Der aktuelle Trend der Ölpreise am Weltmarkt ist ein wichtiger Anhaltspunkt für Besitzer einer Ölheizung. Um die Heizölpreisentwicklung zu antizipieren empfiehlt es sich, die Börsenkurse für Rohöl, Gasöl und Euro/Dollar im Chartbild regelmäßig zu beobachten.

Weiterhin sollte man sich mit der Prognose befassen. Je langfristiger, desto unsicherer wird diese. Während die automatisch berechnete Heizölpreis Prognose für den nächsten Werktag noch relativ zuverlässig eintritt, haben auf lange Sicht selbst Experten Probleme, die Ölpreisentwicklung richtig einzuschätzen. Neben der Analyse von Marktdaten zu Angebot und Nachfrage macht für eine langfristige Preisprognose auch ein Blick auf das Chartbild Sinn. Häufig ist hier auf den ersten Blick eine Tendenz sichtbar.

Heizölpreise im Internet vergleichen

Die Heizölpreise folgen unmittelbar dem Ölpreis an der Börse und sind zudem von der Kalkulation der einzelnen Händler abhängig. Sie bewegen sich mehrmals täglich.

Regelmäßiges Vergleichen und Beobachten sollte deshalb zum Pflichtprogramm für preisbewusste Ölheizungsbesitzer gehören. Damit die "Pflicht" nicht zur Belastung wird, sondern schnell erledigt ist und Sparen richtig Spaß macht, gibt es HeizOel24!

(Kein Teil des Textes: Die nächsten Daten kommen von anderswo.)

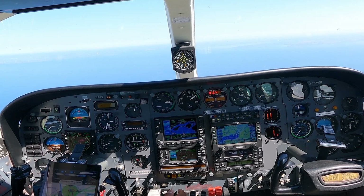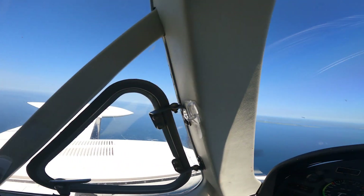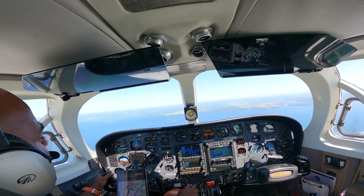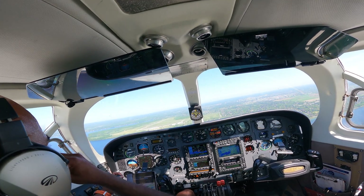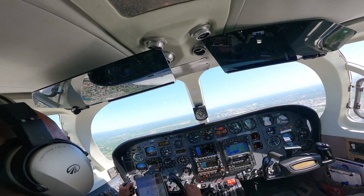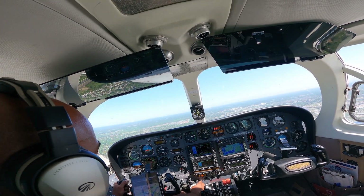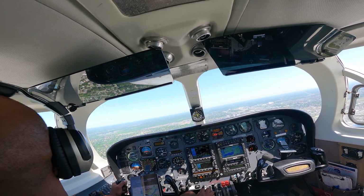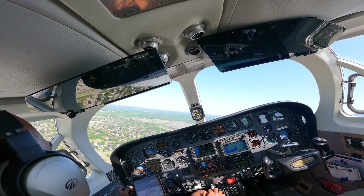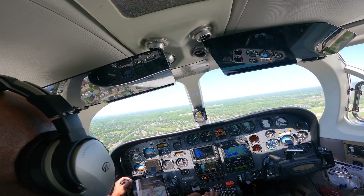We'll stay here at 2,500 feet as we get a little closer. Going down to circuit altitude, 1,300 feet for our downwind. Kingston Kilo Papa Kilo is established on the left downwind for runway 19, 1,300. Below 140 now, gear down.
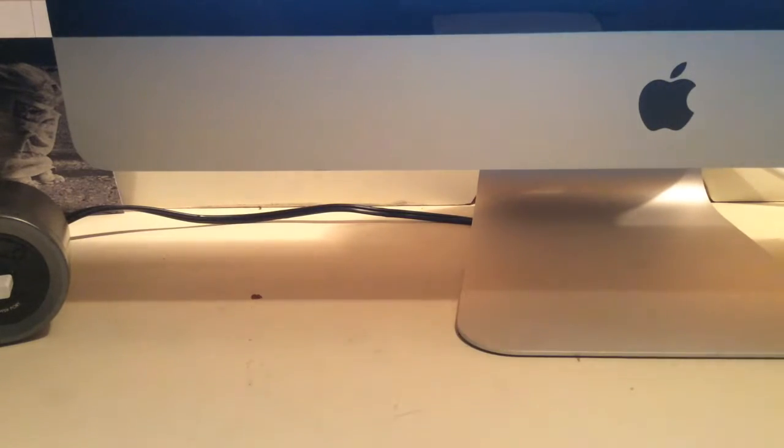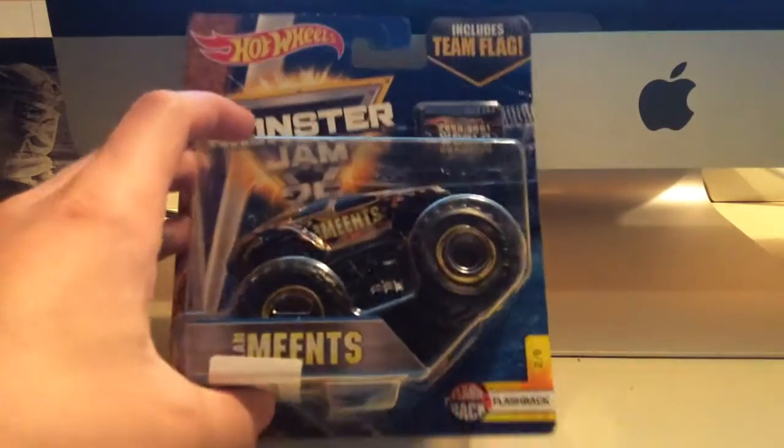When we were growing up, they had the Goldberg and Team Menz trucks. They were instead of Maximum Destruction — Tom Menz drove them. I remember them just dominating the World Finals the first couple years, and they were really cool trucks. They were owned by Goldberg, the WWE wrestling guy, but we never actually got a toy version of one of them. And they just released them for the throwback flashback series.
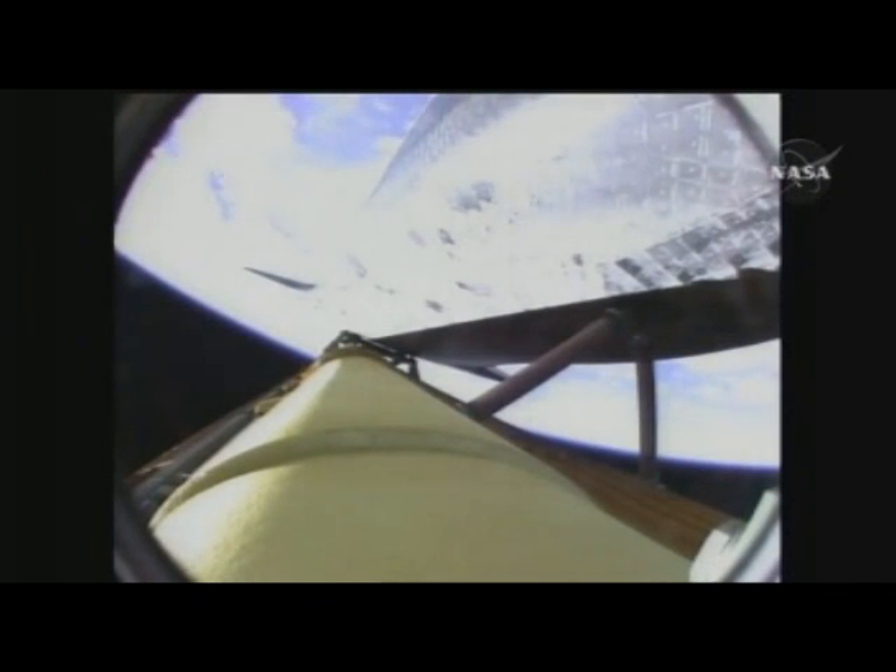Endeavour, negative return. Negative return. The extra duct heaters were activated because we saw a little cooling in the ducts.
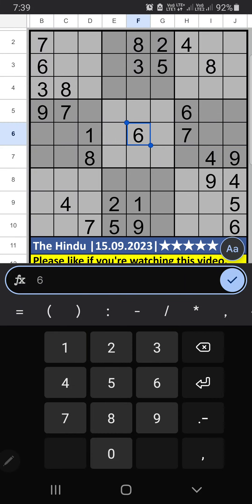Welcome to Sudoku SKVM. I am going to solve the Hindu newspaper Sudoku, dated September 15, 2023 — Pfizer Sudoku.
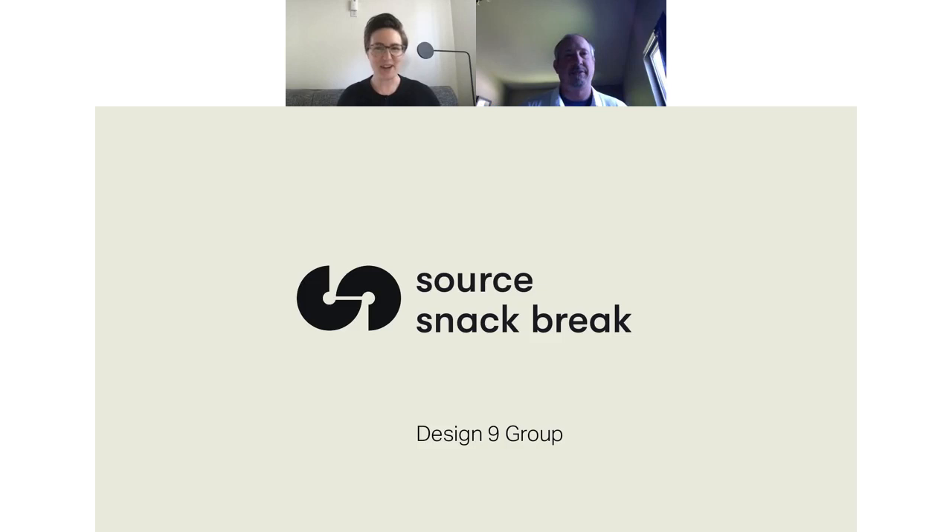Welcome to Snack Break everyone. I'm Ron with The Source and today is Wednesday, May 27th. You're all muted automatically but you have access to the live chat, so you can pop in your favorite emoji to try it out. You can also use the live chat to ask questions or comment — we'll make sure we answer any questions you have during the presentation.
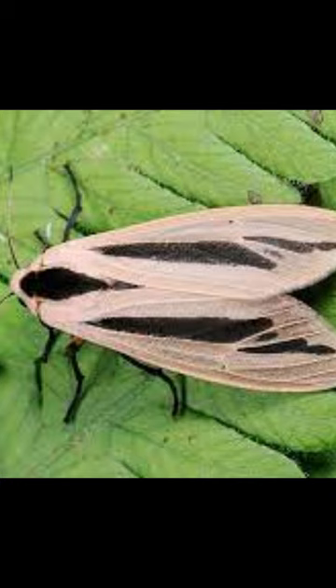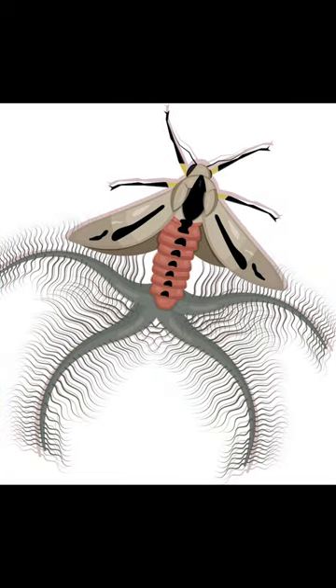Their antennas are long and covered in hair. Additionally, they have an intriguing structure on their abdomen known as coremata, which secretes a pheromone to entice partners.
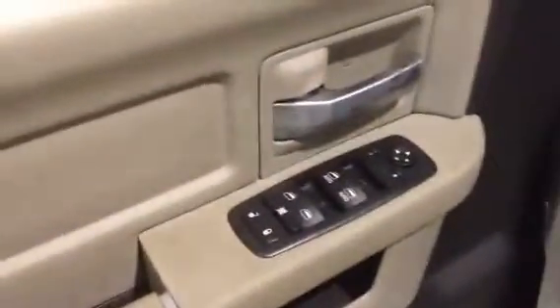It has power windows, power locks, and power mirrors. A tow package, steering wheel controls including cruise control and volume controls, and a touch screen display.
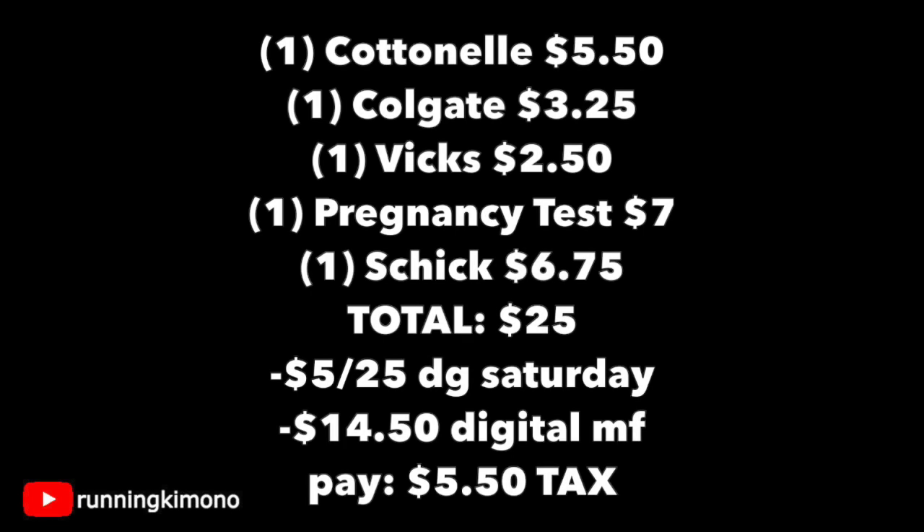Looking at the overall basket: a Cottonelle for $5.50, a Colgate toothpaste for $3.25, a Vicks for $2.50, a pregnancy test for $7.00, and a Schick for $6.75 — for a grand total of $25.00. Once the cashier scans all your merchandise, punch in your phone number. The $5.25 Saturday coupon should come off, along with $14.50 in digitals, leaving you paying $5.50 for this basket, not including tax. That's a good mix of items, and if you don't need the pregnancy test, you could donate it to an organization — they'd probably be very delighted to have it.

Zusätzlich zum aktiven Preisvergleich über den Heizölrechner gibt außerdem die Möglichkeit, sich über kostenlose Preisabos oder einen individuell einstellbaren Preisalarm informieren zu lassen. Bei Unterschreitung Ihres hinterlegten Schwellenwerts wird Ihnen eine E-Mail oder wahlweise auch ein Push-Nachricht aufs Smartphone geschickt. Dieses Informationsangebot ist natürlich kostenlos und unverbindlich.

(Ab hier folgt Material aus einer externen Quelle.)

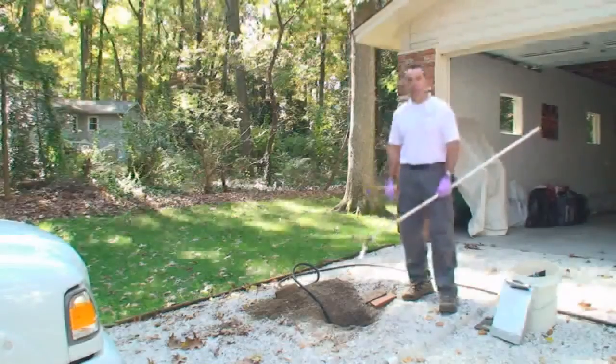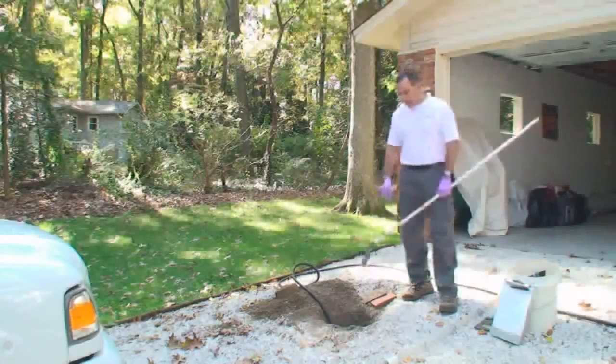This one today we kind of have limited access. The tank is installed in the middle of the driveway. We were able to get into the top of the tank and get started here.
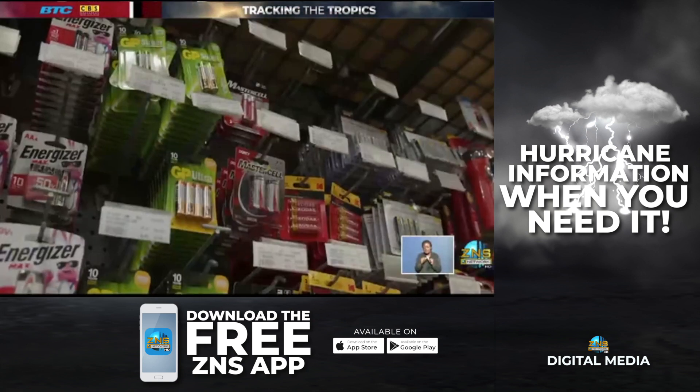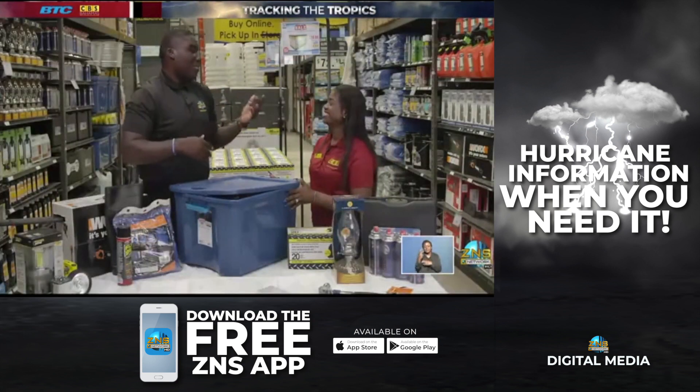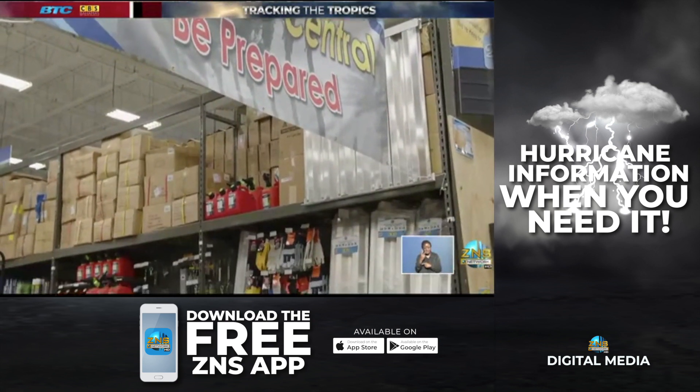That has been your tropical weather update brought to you by CBS Bahamas. And as many of you know, preparation is the key word this hurricane season. Our Amajal Knowles recently popped on over to CBS Bahamas, where we got a look at some must-have hurricane items.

Kunden, mit genauen Preisvorstellungen, die direkt kaufen möchten, sobald ein Händler zum "Wunschpreis" liefert, können über MeinPreis ein limitiertes Kaufgesuch hinterlegen. MeinPreis - die Limit-Order für Heizöl

Heizölpreise vergleichen und beobachten ist also kein Hobby, sondern allen Verbrauchern zu empfehlen, die preiswert Heizöl kaufen möchten!

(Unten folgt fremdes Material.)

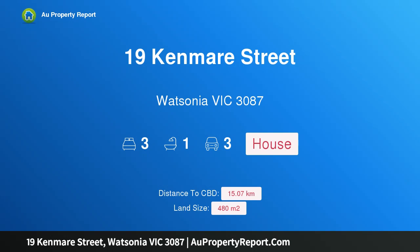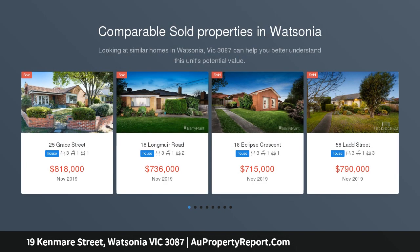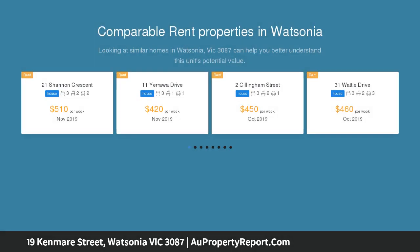Welcome to 19 Kenmare Street, Watsonia Victoria 3087 — the perfect home to keep life simple. Just a short stroll from Watsonia shops and train station, this classic single-level home offers total ease of living.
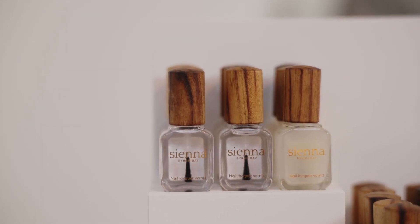Hi, my name's Danielle. I'm from Sienna Nail Polish. I'm here at Life in Style today and I'd love to show you through our products.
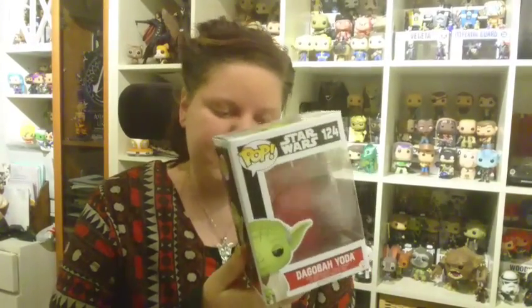It is the Dagobah Yoda from the old movies, but the look of the box is actually kind of similar to more of the Force Awakens ones. It's a series where there's also the Luke Skywalker and Han Solo from Ceremony and some others.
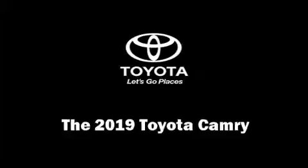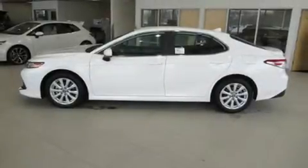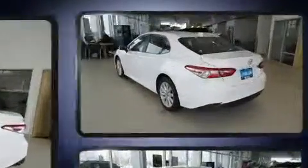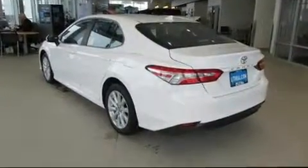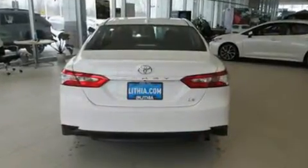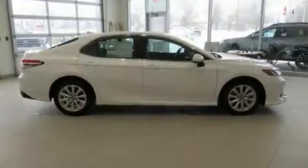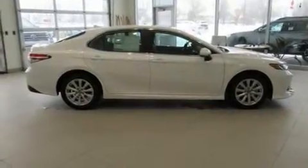Come test drive this 2019 Toyota Camry. This four-door, five-passenger sedan offers the latest in technological innovation and style. It features an automatic transmission, front-wheel drive, and a 2.5-liter four-cylinder engine. Toyota paid particular attention to efficiency and practicality.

Bildung der Heizölpreise in Deutschland

Heizölpreise sind Tagespreise, die in Abhängigkeit zur Rohstoffbörse schwanken.

Weitere Einflussfaktoren sind die regionale Nachfrage, die Wetterentwicklung, die Preispolitik des Mineralölhandels sowie die Mineralöl- und Mehrwertsteuer. Besonders in Zeiten hoher Nachfrage hat auch die Nachversorgung der Raffinerien und landesweit verteilter Großtanklager Einfluss auf die Preise. Es ist nicht nur wichtig, dass insgesamt genug Öl da ist, sondern, dass es auch regional verfügbar ist, wo es vom Heizölhandel gebraucht wird.

Wichtigster europäischer Hafen für die Löschung der Öltanker ist Rotterdam. Von hier aus werden besonders die Gebiete am Rhein, bis hinauf nach Basel versorgt. Ostdeutschland erhält viel Öl per Pipeline aus Osteuropa. Bayern und der Süden haben Anschluss an Pipelines aus dem Mittelmeerraum.

U.a. an den Raffineriestandorten Ingolstadt, Karlsruhe, Leuna, Schwedt, Hamburg, Gelsenkirchen und Wesseling entstehen aus dem Rohöl die verschiedenen Produkte wie Benzin, Kerosin und natürlich Diesel und Heizöl. Unsere Dieselpreise finden Sie in einer separaten Auflistung.

Die Heizölpreise beinhalten neben den Kosten für die Förderung des Rohöls, Transportkosten, Raffineriekosten, Vertriebskosten vor allem Steuern. Rund 30 % des Heizölpreises resultieren aus Mineralöl- und Mehrwertsteuer.